====== Supplied data ======

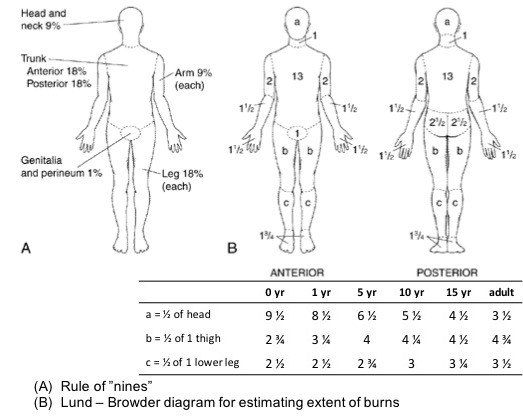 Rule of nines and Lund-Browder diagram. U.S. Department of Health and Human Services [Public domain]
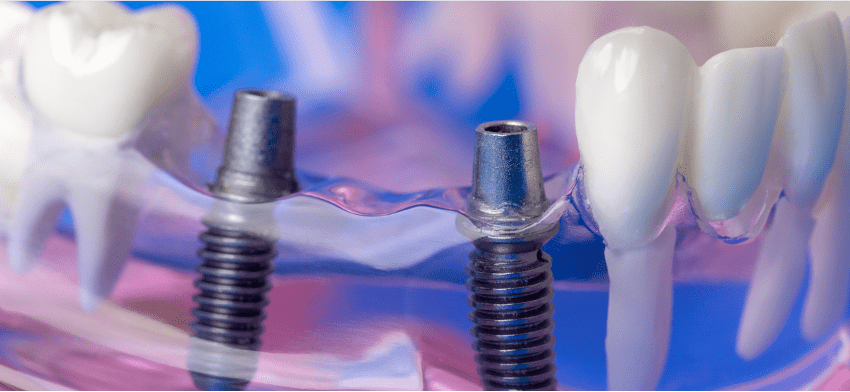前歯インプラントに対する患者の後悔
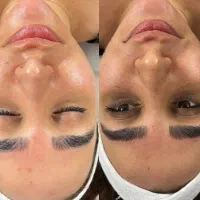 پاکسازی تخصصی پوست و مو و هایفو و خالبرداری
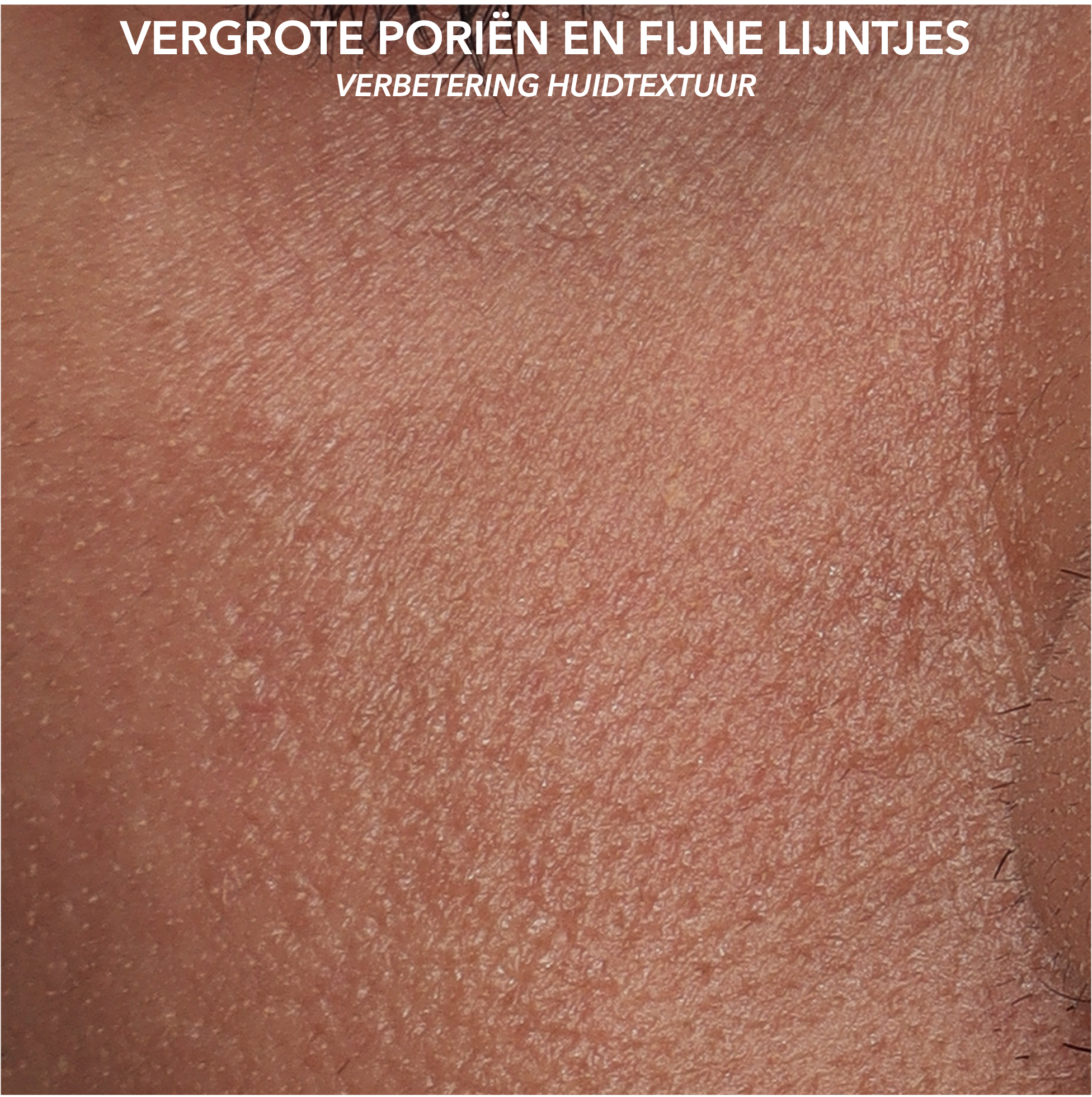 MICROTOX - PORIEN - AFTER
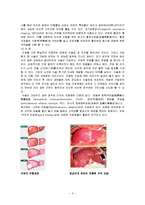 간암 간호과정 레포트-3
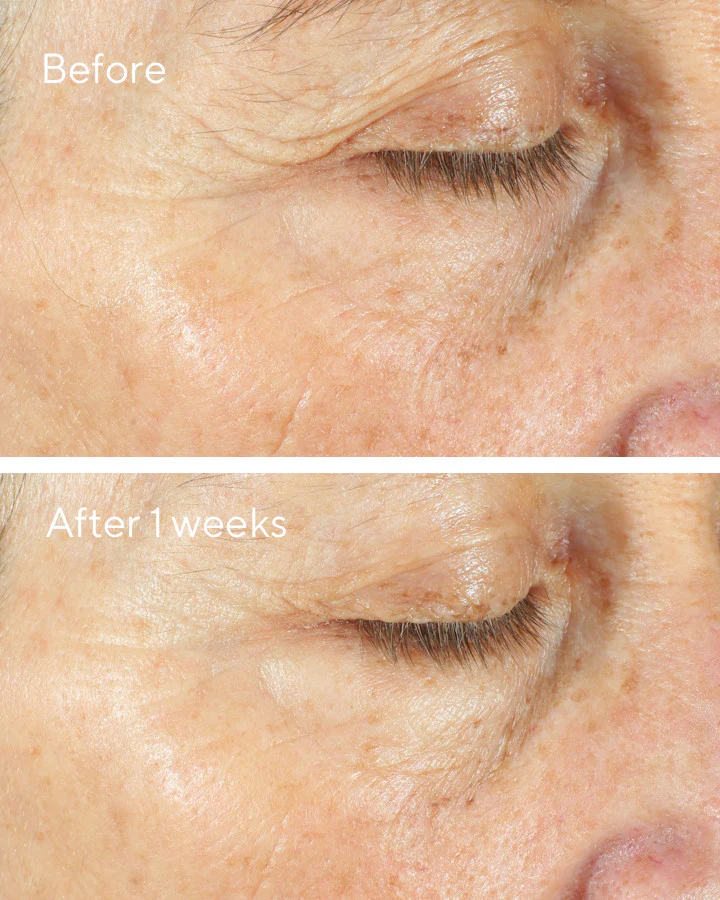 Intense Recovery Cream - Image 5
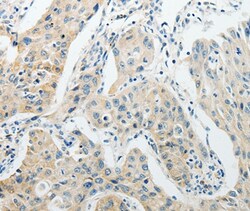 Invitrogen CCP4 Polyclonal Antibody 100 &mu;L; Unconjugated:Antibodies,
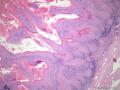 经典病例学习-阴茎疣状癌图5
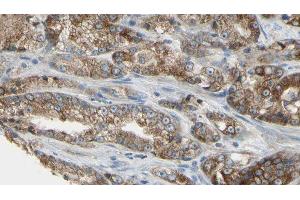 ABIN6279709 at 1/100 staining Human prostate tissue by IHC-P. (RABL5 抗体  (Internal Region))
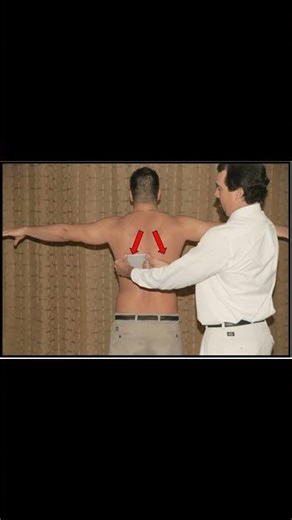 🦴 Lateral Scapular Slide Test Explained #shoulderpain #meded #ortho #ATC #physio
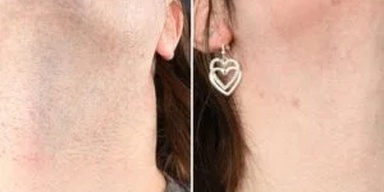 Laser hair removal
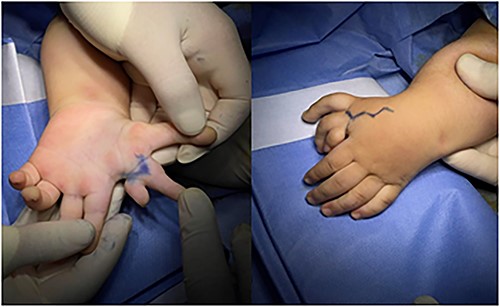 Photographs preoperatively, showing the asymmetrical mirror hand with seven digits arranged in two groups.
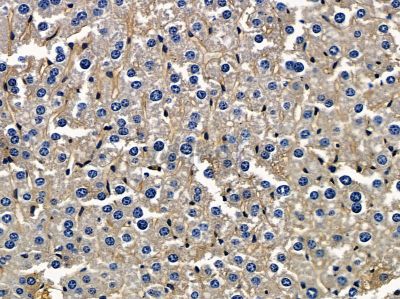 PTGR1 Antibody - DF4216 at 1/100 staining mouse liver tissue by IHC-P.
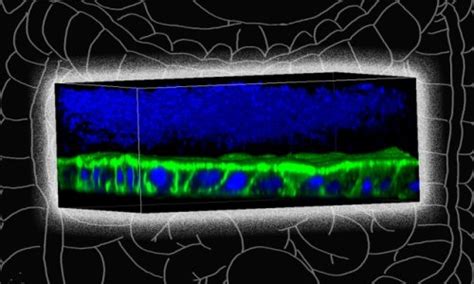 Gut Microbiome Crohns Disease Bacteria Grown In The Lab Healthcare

======

• _What you will do_:
Write out exactly the stretch of lines that begins with the line containing "간암 간호과정 레포트-3" and ends with the last line of the records above, leaving out the pictures.

• _Output of the exercise_:
 간암 간호과정 레포트-3
 Intense Recovery Cream - Image 5
 Invitrogen CCP4 Polyclonal Antibody 100 &mu;L; Unconjugated:Antibodies,
 经典病例学习-阴茎疣状癌图5
 ABIN6279709 at 1/100 staining Human prostate tissue by IHC-P. (RABL5 抗体  (Internal Region))
 🦴 Lateral Scapular Slide Test Explained #shoulderpain #meded #ortho #ATC #physio
 Laser hair removal
 Photographs preoperatively, showing the asymmetrical mirror hand with seven digits arranged in two groups.
 PTGR1 Antibody - DF4216 at 1/100 staining mouse liver tissue by IHC-P.
 Gut Microbiome Crohns Disease Bacteria Grown In The Lab Healthcare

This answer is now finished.